Dalil Benyahia

Personal information
- Date of birth: 21 April 1990 (age 36)
- Place of birth: Stockholm, Sweden
- Height: 1.74 m (5 ft 9 in)
- Position: Midfielder

Team information
- Current team: IK Sirius

Youth career
- 1996–2001: Vendelsö IK
- 2001–2007: Brommapojkarna

Senior career*
- Years: Team / Apps / (Gls)
- 2007–2008: Brommapojkarna / 2 / (0)
- 2008: Vejle / 0 / (0)
- 2009–2011: Brommapojkarna / 58 / (3)
- 2012–2014: Sirius / 31 / (4)

International career^{‡}
- 2007: Sweden U19 / 3 / (0)
- 2010: Algeria U23 / 1 / (0)

= Dalil Benyahia =

Algerian-Swedish footballer (born 1990)

Dalil Benyahia (born 21 April 1990) is a former Algerian-Swedish footballer who last played for IK Sirius.

==Career==
Benyahia was born in Stockholm, Sweden.

In 2004, Benyahia was chosen as the player of the tournament at the Nike Cup in Sweden and represented the country in a week-long high performance training session at Manchester United. In 2006, he was given a one-week trial by Chelsea FC. The following year, he also received a ten-day trial with Ajax Amsterdam.

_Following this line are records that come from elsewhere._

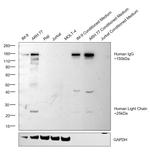 Human IgG (H+L) Cross-Adsorbed Secondary Antibody in Western Blot (WB)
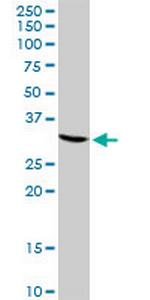 CREM Polyclonal Antibody, MaxPab™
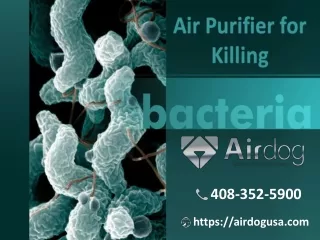 Air Purifier for Killing Bacteria with new TPA Technology | Airdog USA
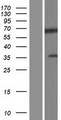 DNAJC2 / ZRF1 Protein - Western validation with an anti-DDK antibody * L: Control HEK293 lysate R: Over-expression lysate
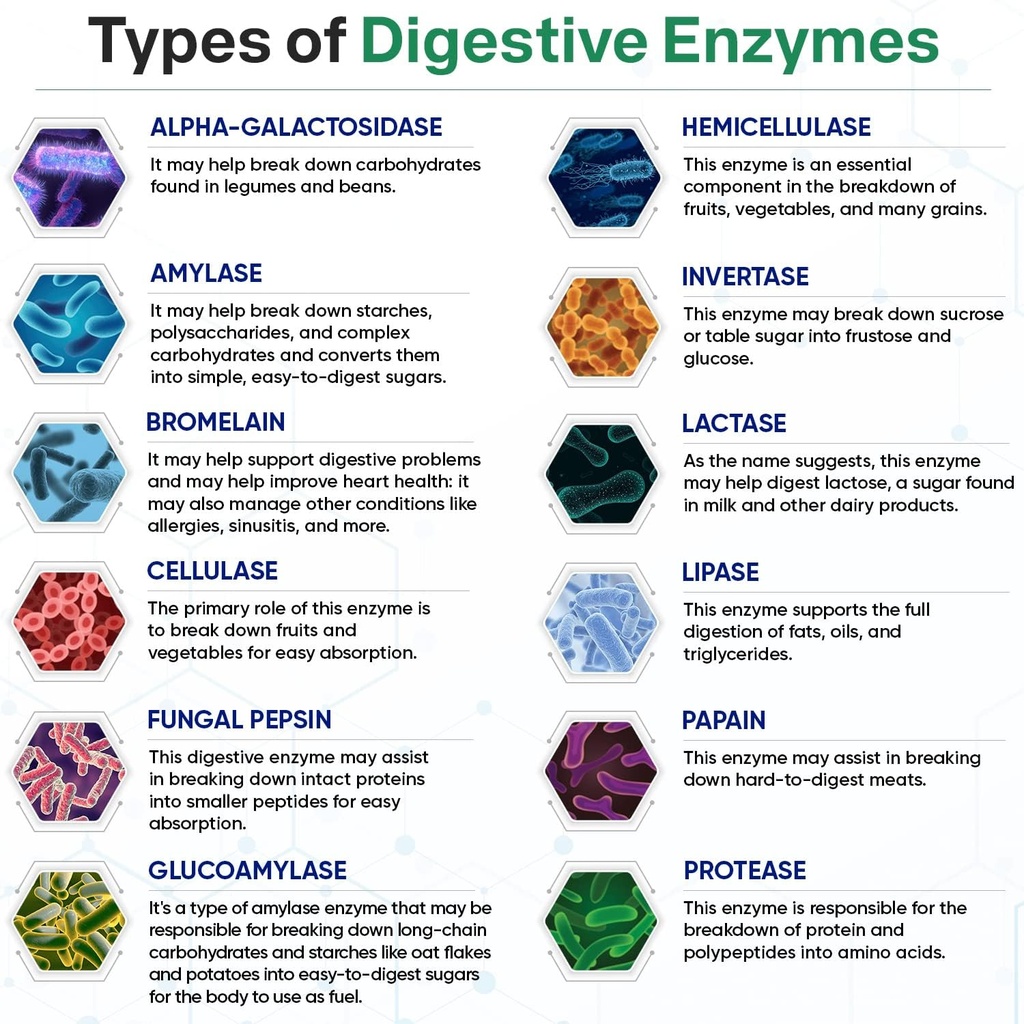 wholesome-wellness-digestive-enzymes-100-4.jpg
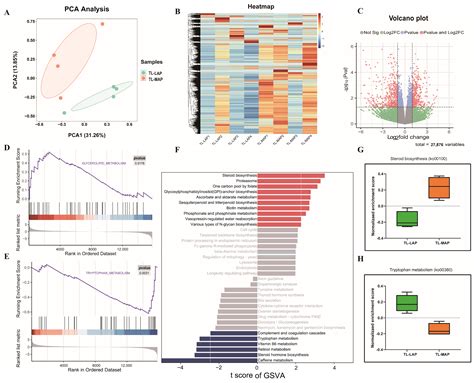 Comprehensive Genome and Transcriptome Analysis Identifies SLCO3A1 ...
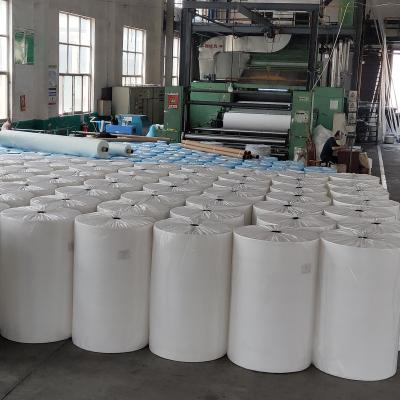 China High Quality Anti-bacteria S/SS/SSS PP Nonwoven Fabric With Low Price TNT Roll for sale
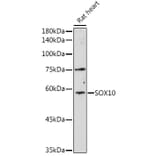 Western Blot - Anti-SOX10 Antibody (A16253) - Antibodies.com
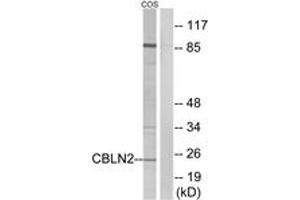 Western blot analysis of extracts from COS cells, using CBLN2 Antibody.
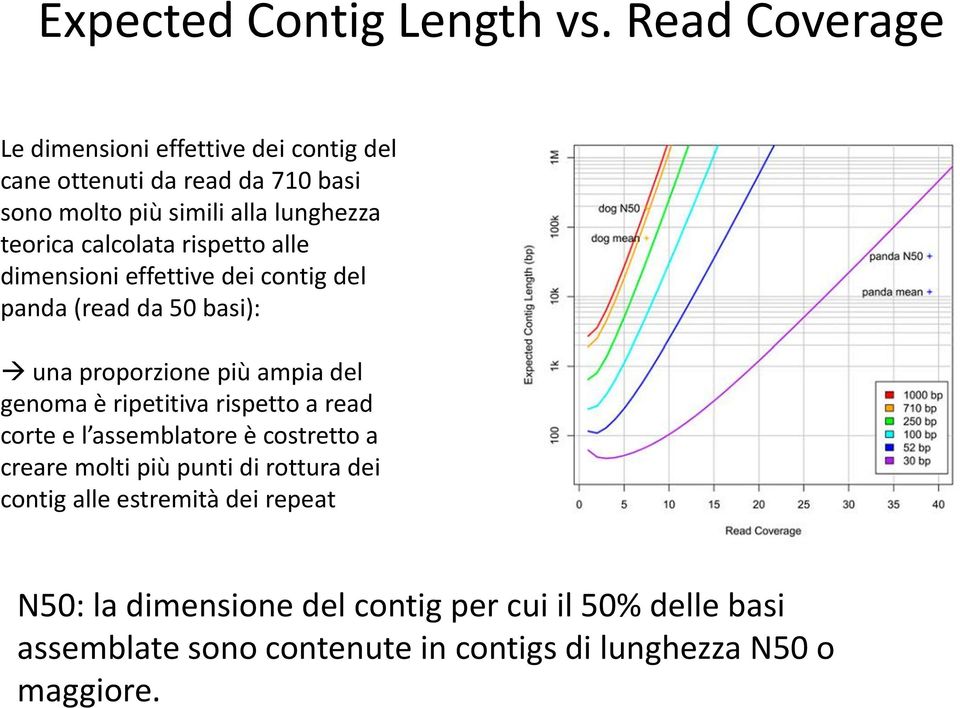 calcolata rispetto alle dimensioni effettive dei contig del panda (read da 50 basi): una proporzione più ampia del genoma è ripetitiva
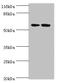 DDB1 And CUL4 Associated Factor 4 antibody, orb351393, Biorbyt, Western Blot image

On 14 July 2008, Benyahia signed a three-year contract with Vejle BK after impressing on trial. He returned to IF Brommapojkarna in 2009, and was released in 2011.

On 2 August 2012, after some time as a free agent, Benyahia was reunited with former Brommapojkarna coach Kim Bergstrand, signing a 2 1/2-year contract with IK Sirius.

He retired from professional football after the 2014 season.

==International career==
On 29 September 2010, Benyahia was called up to the Algerian Under-23 national team for a friendly against Qatar. On 12 October, he made his debut starting in the game, with Algeria winning 1–0.